Thu December 05, 2013 - National Edition
TOKYO -- Kobelco Construction Machinery plans to build an American factory as early as 2015 to meet growing demand for equipment used in real estate development and shale gas production, according to the company.
The wholly owned Kobe Steel subsidiary will spend $9.6 million to as much as $19.2 million on the new plant, which will make such equipment as excavators as well as some parts. The facility will have an annual production capacity of 2,000 to 3,000 units.
Since 2002, Kobelco had outsourced construction machinery sales in the U.S. and Europe to CNH Global of the Netherlands. But the partnership was terminated at the end of last year because Kobelco’s American market share had declined sharply.
The Japanese firm began building up its U.S. sales network at the start of the year. It has signed sales agent contracts with about 50 companies nationwide so far. Sales in the U.S. are projected to double to roughly 800 units this year.

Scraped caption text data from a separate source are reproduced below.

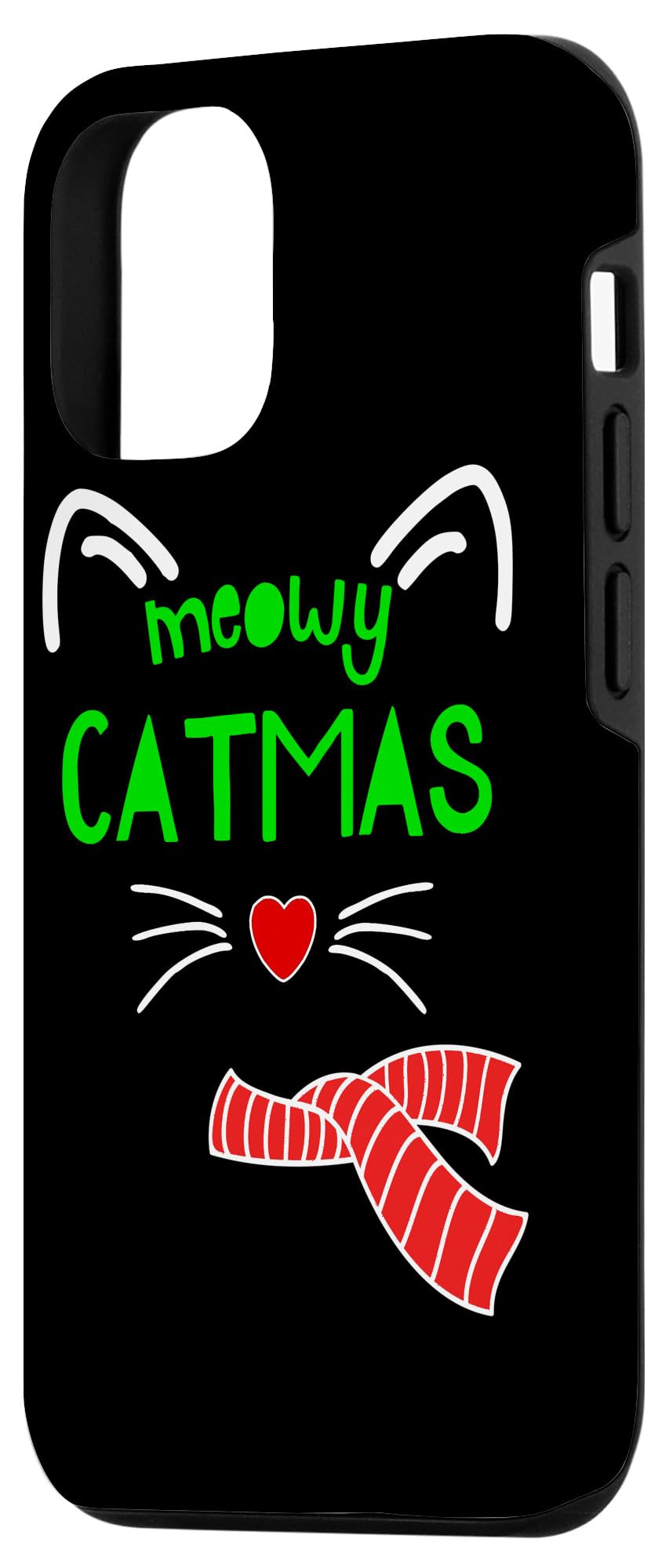 iPhone 12/12 Pro Christmas Cat Case - Cute Meowy Catmas Design with Red Scarf | Perfect Holiday Gift & Winter Protection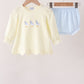 Beige goose embroidery bloomer set
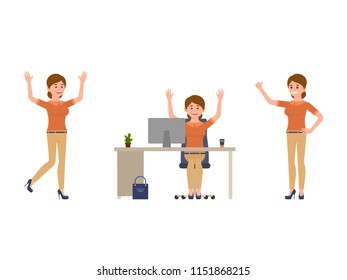 Happy office woman cartoon character. Joyful manager female at workplace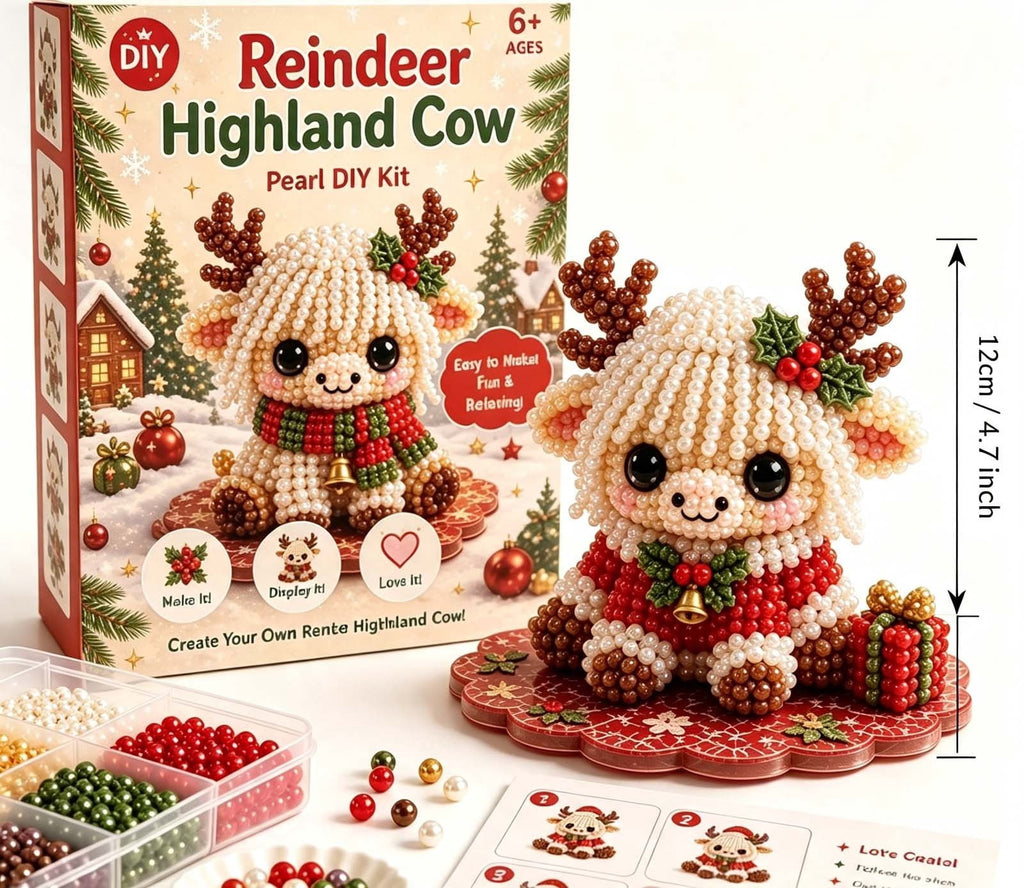 MYUNNIL Christmas Highland Cow 3D Pearl Bead Kit, Small Cute Beginner Friendly Complete Animal Themed Handcraft Set, Fun Whimsical Decorative Ornament for Home Decor & Holiday Gift, ( Xmas Tree )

Kobelco hopes to boost U.S. sales to 2,000 units in 2015 by adding another 10 or so agents to its network, aiming to take a 10% share of the U.S. market. By launching local production, it expects to offer more price competitive products that fit customers’ preferences.
Kobelco does not make large excavators used in mines, specializing instead in small and midsize models used at construction sites and other locations. Its products are known for good fuel efficiency. Once the new plant goes online, the company may ship products from the U.S. to Chile, Colombia and other South American markets.
Kobe Steel and U.S. Steel expanded their automotive steel sheet plant in the U.S. earlier this year. In addition to boosting output of construction machinery in that country, the Kobe Steel group intends to strengthen other fields expected to grow on the back of the shale gas boom, including machinery for plastic manufacturers and steel mills that use natural gas.